TO DO >> Write out only the lines from the line containing "A room with" to the end of the listing below, both included, exactly as they stand. Drop the pictures.

GIVEN MATERIAL >>
= = = =
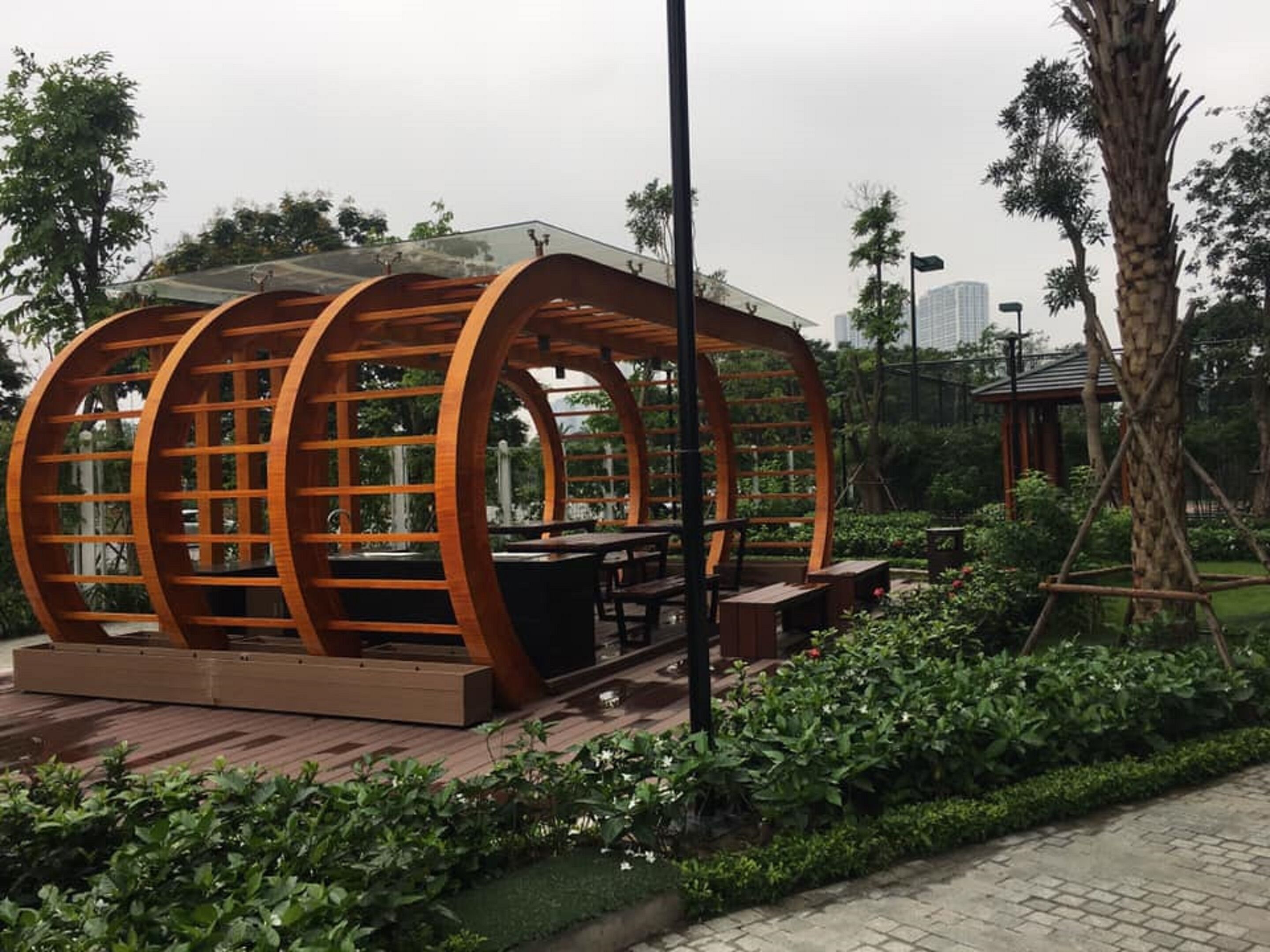 A wooden structure with a glass roof, surrounded by greenery and a paved walkway.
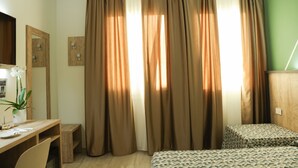 A room with a wooden desk, two beds with patterned bedding, a potted plant, and curtains. - Maritan Hotel & Spa (Padova)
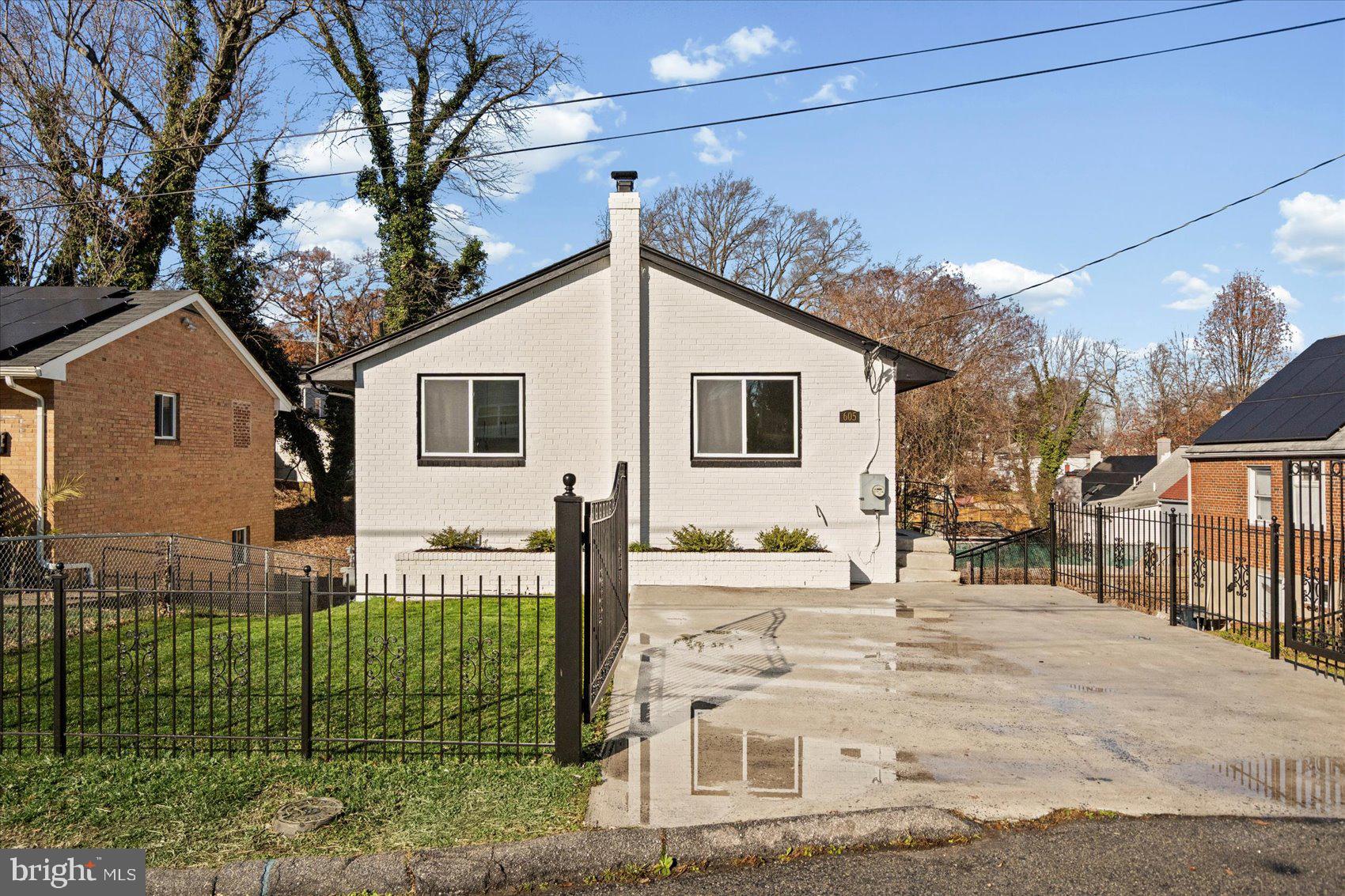 605 Elfin Avenue Capitol Heights, MD 20743 - Photo 3 of 42 a front view of a house with a yard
= = = =
RESULT FOR THIS EXERCISE >>
 A room with a wooden desk, two beds with patterned bedding, a potted plant, and curtains. - Maritan Hotel & Spa (Padova)
 605 Elfin Avenue Capitol Heights, MD 20743 - Photo 3 of 42 a front view of a house with a yard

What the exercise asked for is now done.